第二十八章 音の肖像たち
パリの黄昏は、建物すべてが楽器のように見える――
そうあやのが感じたのは、セーヌ川沿いの歴史ある音楽院に招かれた日のことだった。
そこは音楽と建築が混ざり合った、古びた礼拝堂を改築したサロン・ド・コンサート。
小さな石のアーチの中に、ヨーロッパ各地の音楽家たちが集まり、自由な即興演奏を交わしていた。
「Le Jardin Muet(沈黙の庭)」
それがこの集まりの名前だった。
名前とは裏腹に、そこには沈黙などなかった。
呼吸と、振動と、視線と、わずかな音の気配が織りなす、名もなき対話が続いていた。
あやのが招かれたのは、SoundGarden計画でのハミング動画が、サロンの主宰者――盲目のピアニスト「ミレーユ・フォーレ」の耳に届いたからだった。
「グレイマンに教えを受けた子は、久しぶりね」
その言葉に、あやのの体がわずかに揺れた。
「ご存知なんですね、グレイマンのことを」
ミレーユは、白い指を鍵盤に置き、ため息のような旋律を弾き始めた。
それはグレイマンから教わった、かつてのレクイエムの前奏だった。
「彼が若かったころ、パリで一度だけ、私たちは音で会話をしたの。
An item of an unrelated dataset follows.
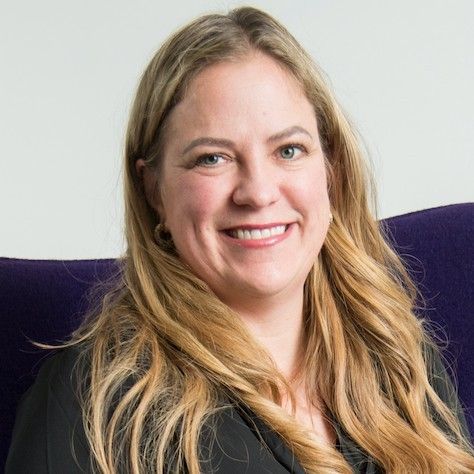 Paula Wilbourne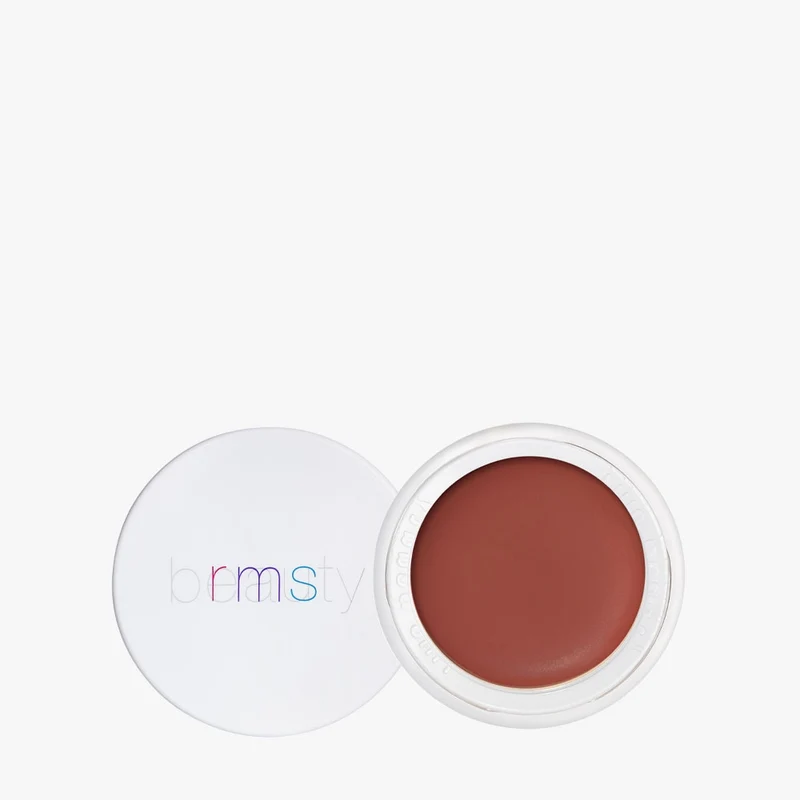 Lip2Cheek – Illusive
彼は“死者の音”を聞ける男だった。あなたの中にも、同じ響きがある」
あやのは言葉を失ったまま、ただ旋律を聴いていた。
遠くグレイマンと過ごした日々が、目の前の空間に揺れて見えるようだった。
彼のハミング。
彼の背中。
そして、最後にあやのに託した“詩”。
「風に還るなら、花の名を呼べ。
音に還るなら、亡き者たちに祈れ」
この夜、あやのは再び一人でハミングを歌った。
音の輪が、沈黙の庭に広がってゆく。
周囲の音楽家たちは一人、また一人と呼応するように、自らの音を重ねた。
バイオリン、クラリネット、声、指の鳴らす拍子。
音が重なり、溶けていき、
――やがて一つの《祈り》になった。
その夜、サロンにいたすべての人間が、忘れられないと感じたのは、
“曲”ではなく、“何か大切なものに触れた感覚”だった。
あやのは知る。
自分がグレイマンの遺した“連鎖”のなかに、確かに存在していることを。